# What is needed
Pictures are to be dropped, and only the lines from the one containing "originály, které promění..." through the end of the data below are to be reproduced as written.

[Recorded data — start]

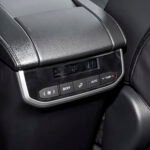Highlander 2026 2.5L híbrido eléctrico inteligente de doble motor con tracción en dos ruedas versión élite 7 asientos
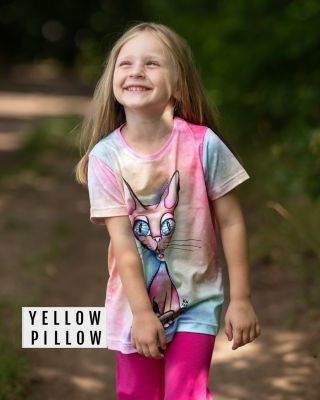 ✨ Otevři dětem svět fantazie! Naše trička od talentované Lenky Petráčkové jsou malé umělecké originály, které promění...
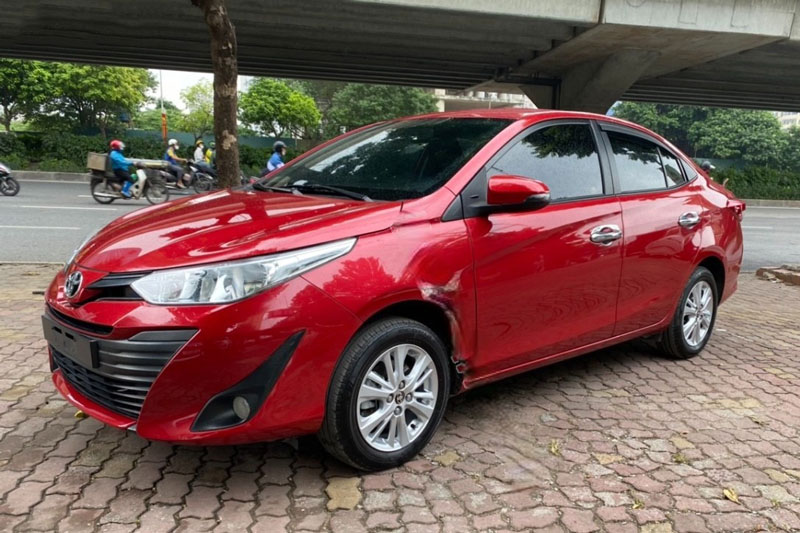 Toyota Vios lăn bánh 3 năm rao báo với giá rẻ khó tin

[Recorded data — finish]

# Output below
 ✨ Otevři dětem svět fantazie! Naše trička od talentované Lenky Petráčkové jsou malé umělecké originály, které promění...
 Toyota Vios lăn bánh 3 năm rao báo với giá rẻ khó tin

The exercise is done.